## INPUT DATA:
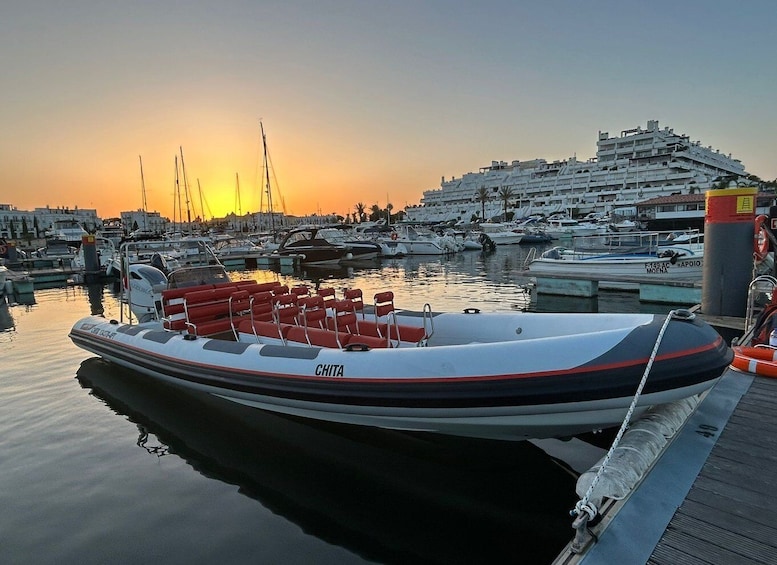 Picture 3 for Activity Quarteira: Algarve Coast, Caves and Dolphin Watching Cruise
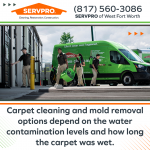 SERVPRO-of-WFF-0322-(6).png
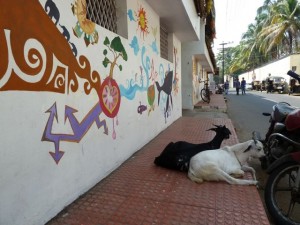 Goats in Fort Cochin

## TASK DIRECTIONS:
Without including any pictures, reproduce the listing exactly.

## RESULT OF THIS TASK:
 Picture 3 for Activity Quarteira: Algarve Coast, Caves and Dolphin Watching Cruise
 SERVPRO-of-WFF-0322-(6).png
 Goats in Fort Cochin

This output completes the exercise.